Sulfonyl fluorides have recently been described as “privileged warheads” in chemical biology due to the right balance of reactivity and stability that these electrophiles possess. Peptido sulfonyl fluorides (β-PSFs) have shown to be particularly potent as proteasome inhibitors in recent years. Tuning the reactivity of the sulfonyl fluoride electrophilic trap may be crucial for modulating its
biological action.
The first part of this thesis describes the design and synthesis of peptido sulfonyl fluoride derivatives containing a substituent on the alpha position with respect to the sulfonyl fluoride electrophilic trap. Therefore, the chemical reactivity and biological activity of α-substituted sulfonyl fluorides (αSFs) were studied. Comparison with the previously described β-substituted sulfonyl fluorides (βSFs) was performed as an attempt to get a deeper insight into the importance of the immediate structural environment of the sulfonyl fluoride moiety. αSFs proved to be more reactive than βSFs towards nucleophilic substitution, including hydrolysis.

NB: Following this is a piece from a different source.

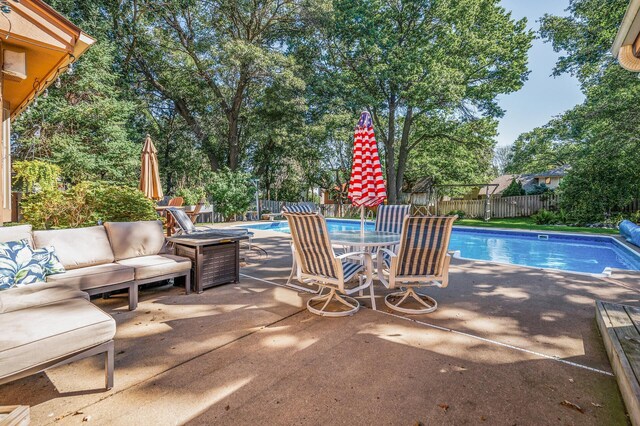 view of pool with outdoor lounge area and a patio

However, it could not be clarified as yet if and how this is translated to the bioactivity of the resulting α-PSFs since the poor solubility of these molecules precluded a proper evaluation.
The second part of this thesis describes the synthesis of a vinyl sulfonyl fluoride moiety as a new dual warhead class. The consecutive attack of the two nucleophiles of the proteasome active threonine on the double bond and the sulfonyl fluoride was proposed as the inhibition mechanism which should lead to the formation of a seven-membered covalent adduct. In vitro studies were designed in order to test this hypothesis. Although the formation of the proposed
seven-membered ring structure could not be unambiguously demonstrated with the chosen model systems, the crystal structure confirmed this formation within enzymatic environment. Incorporation of vinyl sulfonyl fluoride warhead into peptide backbones (PVSF) resulted in strong proteasome inhibitors (IC50 = 99 and 218 nM).

Item Type: Thesis (PhD)
Qualification Level: Doctoral
Additional Information: Herrero Alvarez, N.; van de Langemheen, H.; Brouwer, A. J.; Liskamp, R. M. J. "Potential peptidic proteasome inhibitors by incorporation of an electrophilic trap based on amino acid derived α-substituted sulfonyl fluorides" Bioorganic Med. Chem. 2017, 25 (19), 5055-5063. Herrero Alvarez, N.; Brouwer, A. J.; Ciaffoni, A.; van de Langemheen, H.; Liskamp, R. M. J. “Proteasome inhibition by new dual warhead containing peptido vinyl sulfonyl fluoride” Bioorganic Med. Chem. 2016, 24 (16), 3429–3435.
Keywords: sulfonyl fluorides, vinyl sulfonyl fluoride, proteasome, inhibitors.
Subjects: Q Science > QD Chemistry
Colleges/Schools: College of Science and Engineering > School of Chemistry
Supervisor's Name: Liskamp, Prof. Robert
Date of Award: 2017
Depositing User: Natalia Herrero Alvarez
Unique ID: glathesis:2017-8550
Copyright: Copyright of this thesis is held by the author.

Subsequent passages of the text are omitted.